ドクドクと、今にも破裂するんじゃないかと心配になる程、俺の意思とは無関係に心臓が脈打つ。
そんな自分を悟られたくなくて、笑顔でこっちを見てくる忍足からふいっと視線を逸らした。


「…」

「…え?あれ?無視?おーい、跡部ー?」

「……んだよ」

「だから、おはようさん」


いつの間にか隣に並んで歩いていた忍足が、立ち止まり少しだけ屈んで俺に目線を合わせると、にこりとさっきと同じ笑みを浮かべ、さっきと同じ様に挨拶をした。
思ったより近い距離と、合わさった視線に、ドクンと心臓が跳ねたのを感じて、慌てて目を逸らす。
そして小さく、本当に小さく、ハヨ、と呟いた。

俺の小さな挨拶が聞こえたんだろう忍足は、満足そうに笑うとゆっくりと歩きだした。


「…あ、せや。跡部は今日、部活顔出すん?」

「…あぁ。今日は特に予定もないし、たまには顔出してやんねぇとな」

「ふーん…ほな、俺も出ようかな」


まぁ、面倒くさいから後輩の面倒は見んけどな、なんて笑いながら言った忍足に、んなの元部長の俺様が許さねぇと軽口を返した。

教室までの、ほんの数十分の会話。
たったこれだけのことで、心臓はいつもの倍は働いてんじゃねぇのかってくらいドクドク言ってて、胸の内側がほんのり温かくなって、説明し難い思いが、俺を埋め尽くした。

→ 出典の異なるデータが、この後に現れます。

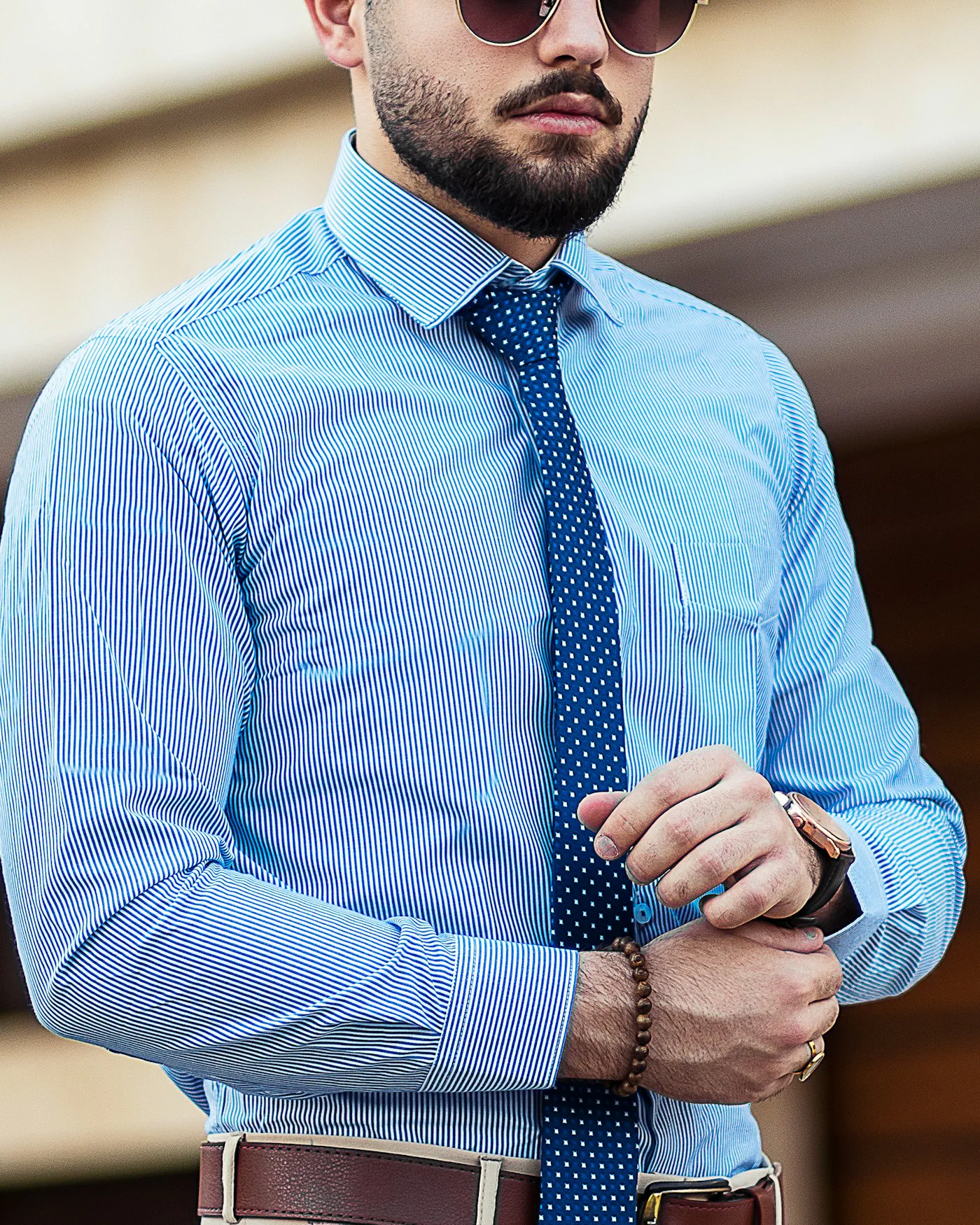 Man wearing a light blue dress shirt and tie — detail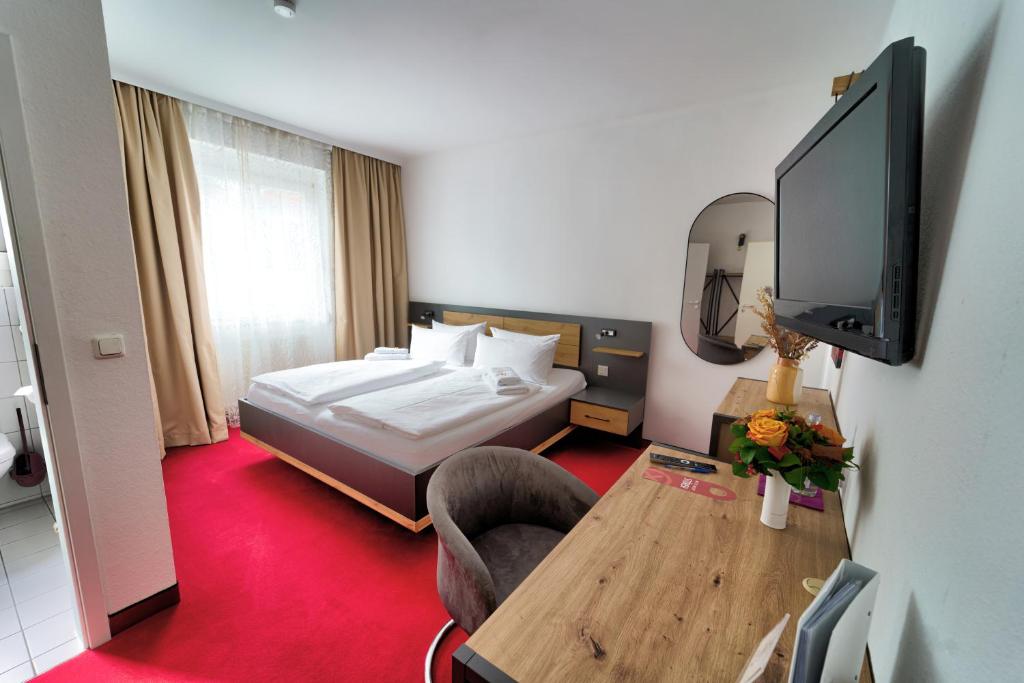 a hotel room with a bed and a tv at Hotel Tanne in Saalfeld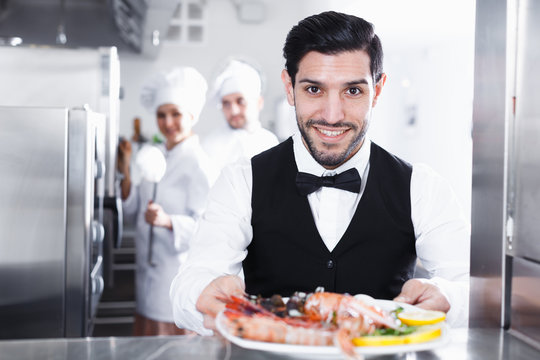 Waiter with dish of seafood in kitchen on restaurant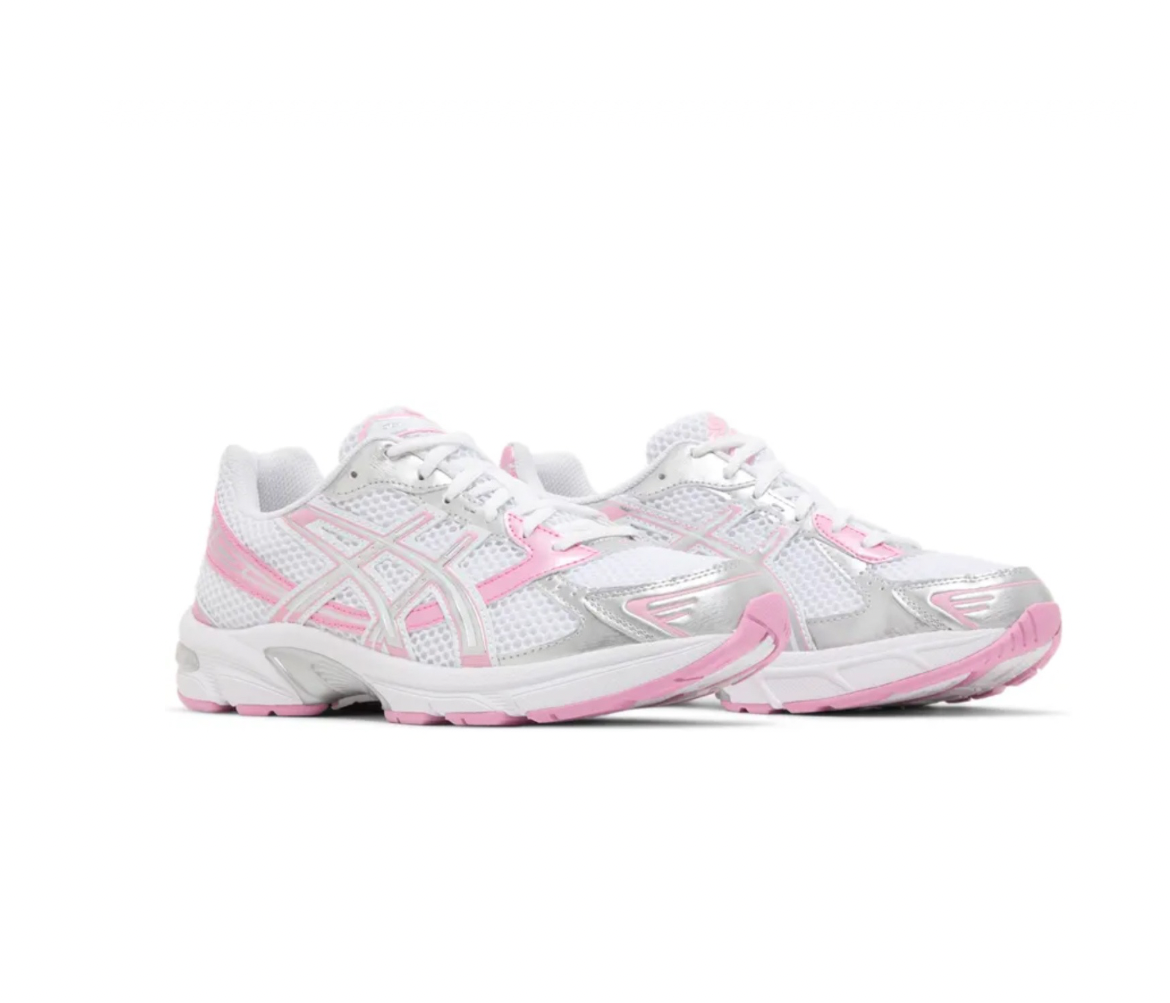 White and pink running shoes with mesh fabric, silver accents, and a flexible sole for comfort and support.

「あ、着いた。ほな、跡部。ちゃんと授業受けるんやで」

「誰に言ってんだ、テメェ」

「ははっ、ジョーダンやって」


そう言って笑った忍足は、ぽんぽんと俺の頭を数回叩くと、ひらりと手を振って自分のクラスへ向かった。

頭を叩くのなんて、忍足にはなんてことないスキンシップなんだろう。
だけど、そんななんてことないスキンシップに、俺の心臓は破裂寸前。
思わず忍足が去っていった方を少しだけ睨み付けて、絶対に赤くなっているだろう顔を隠すために小さく俯き、悪態をついた。


「……ばかおしたり…」


ぽつり、誰にも聞こえないよう呟いた言葉は、すぐに廊下に消えていった…はずだった。


「だーれがバカやって?せめてアホにしてくれん?」

「っ!?」


ぽすっと頭に乗った手と、聞き慣れた訛り。
パッと顔をあげれば、さっき去っていったはずの忍足が笑みを浮かべて立っていた。


「お…したり?」


何でここにいるんだ?という疑問を含ませた目で見れば、忍足はうーんと唸って苦笑を浮かべた。


「いや、そんな対したことないんやけど…放課後、一緒に部活行かんかな〜って聞こうと思ってたのに聞くの忘れてたから、聞きに戻ってん」


嫌?と首を傾げた忍足に、デカイ図体して首傾げんなとか思いつつ、緩く首を振る。
それを確認した忍足は、俺の頭に乗せたままだった手でわしゃわしゃと頭を撫で回し、跡部の頭ぐちゃぐちゃになったーなんて言いながら笑った。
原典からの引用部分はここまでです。